### PROMPT
Pictures in the material below are to be left out, and only the lines from the line with "梦幻西游为什么停在69级不能玩任务了呢" up to and including the line with "Paranoid Social Club/Axis" are to be written out exactly.

### LISTED RECORDS
---
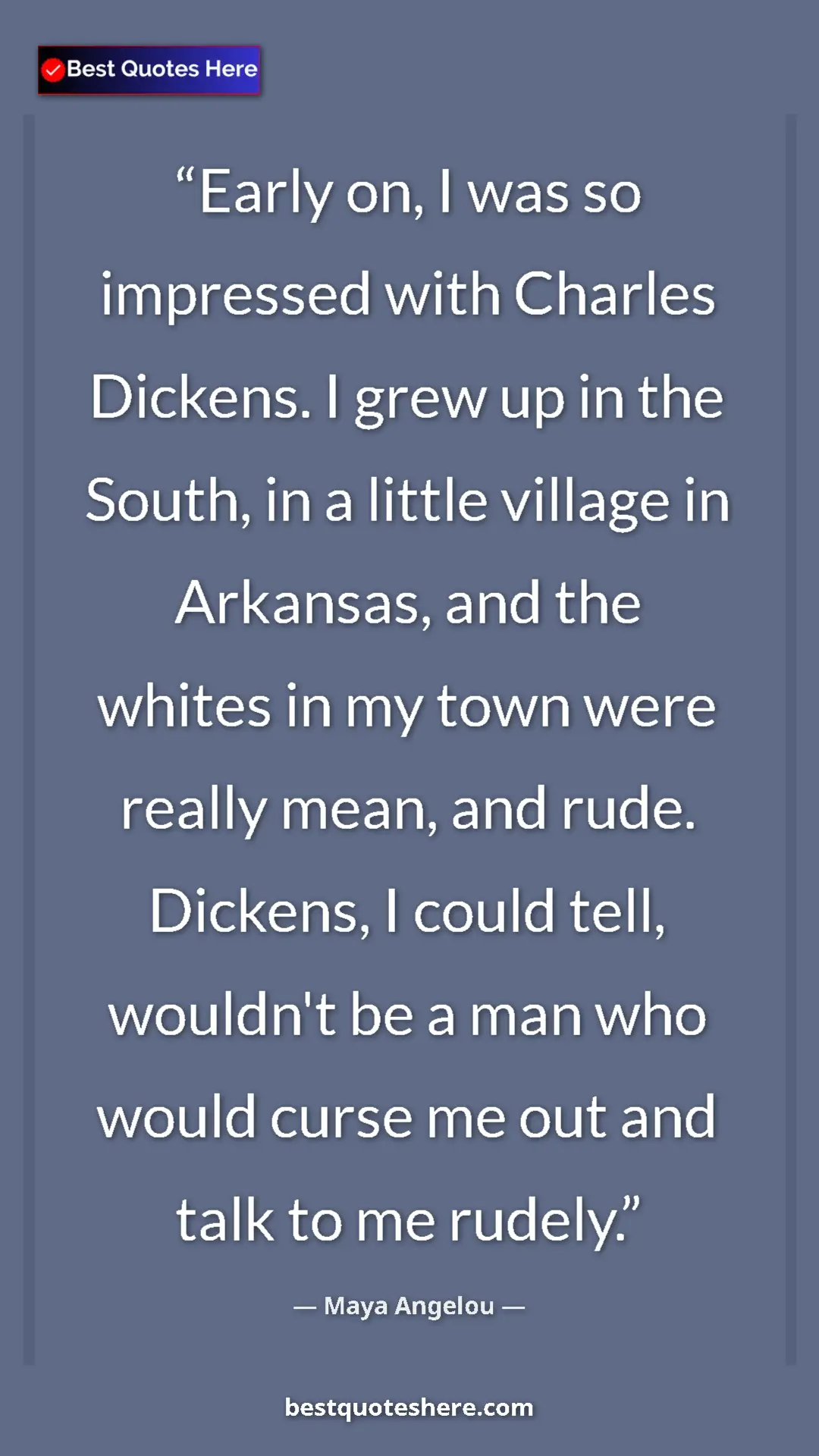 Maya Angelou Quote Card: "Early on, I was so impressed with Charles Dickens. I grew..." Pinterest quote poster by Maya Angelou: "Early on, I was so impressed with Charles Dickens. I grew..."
---
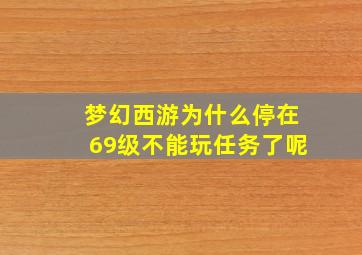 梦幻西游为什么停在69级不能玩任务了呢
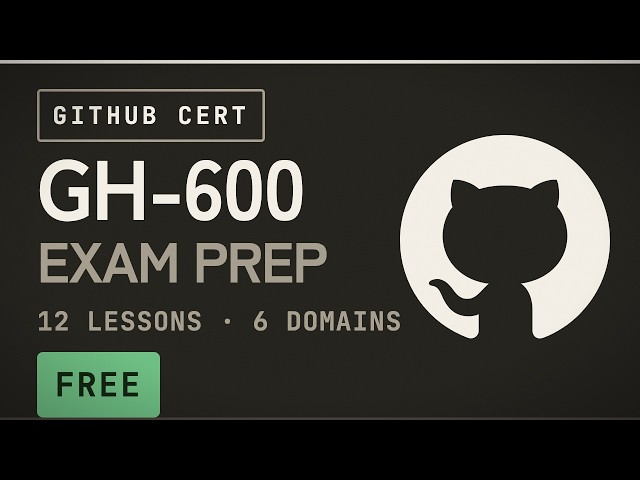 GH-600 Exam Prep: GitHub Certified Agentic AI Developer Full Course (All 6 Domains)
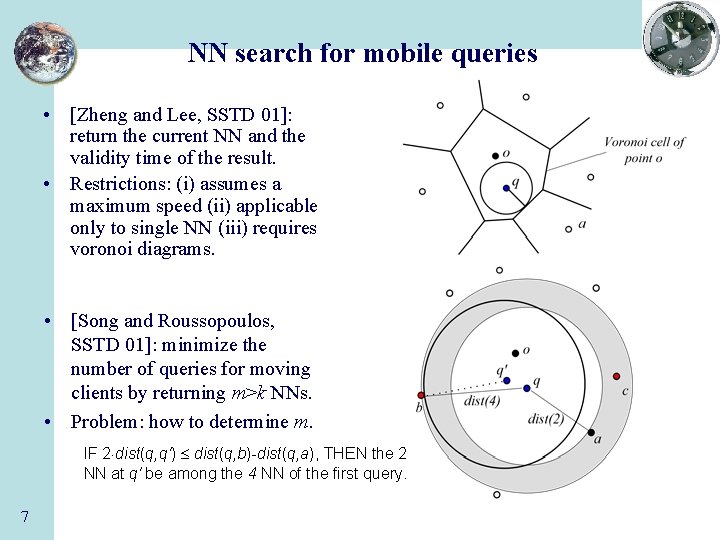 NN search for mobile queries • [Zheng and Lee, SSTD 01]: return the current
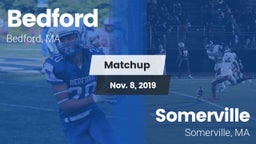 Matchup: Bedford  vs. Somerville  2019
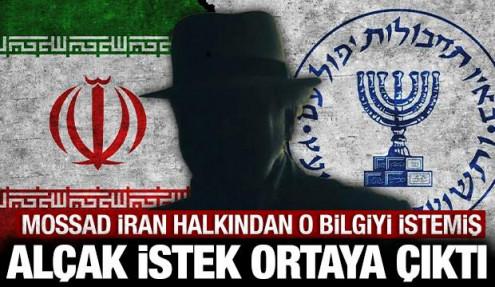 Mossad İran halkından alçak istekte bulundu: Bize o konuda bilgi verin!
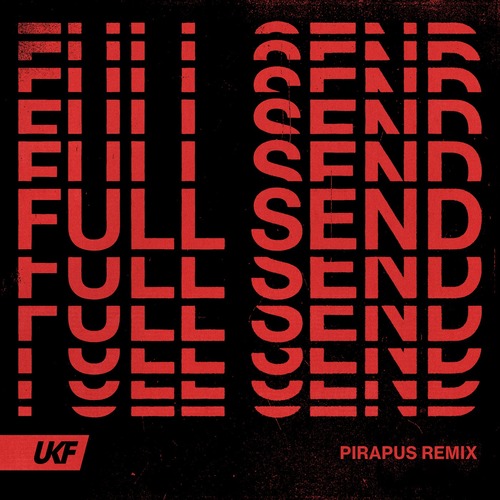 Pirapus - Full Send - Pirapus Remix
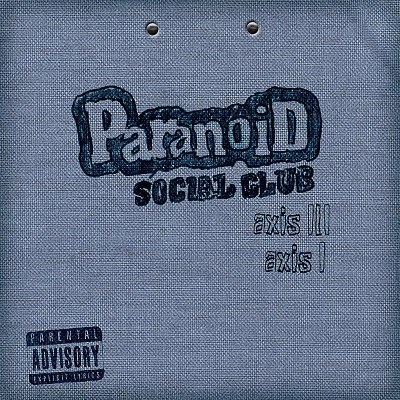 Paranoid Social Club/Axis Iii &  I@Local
---
### FINAL ANSWER
 梦幻西游为什么停在69级不能玩任务了呢
 GH-600 Exam Prep: GitHub Certified Agentic AI Developer Full Course (All 6 Domains)
 NN search for mobile queries • [Zheng and Lee, SSTD 01]: return the current
 Matchup: Bedford  vs. Somerville  2019
 Mossad İran halkından alçak istekte bulundu: Bize o konuda bilgi verin!
 Pirapus - Full Send - Pirapus Remix
 Paranoid Social Club/Axis Iii &  I@Local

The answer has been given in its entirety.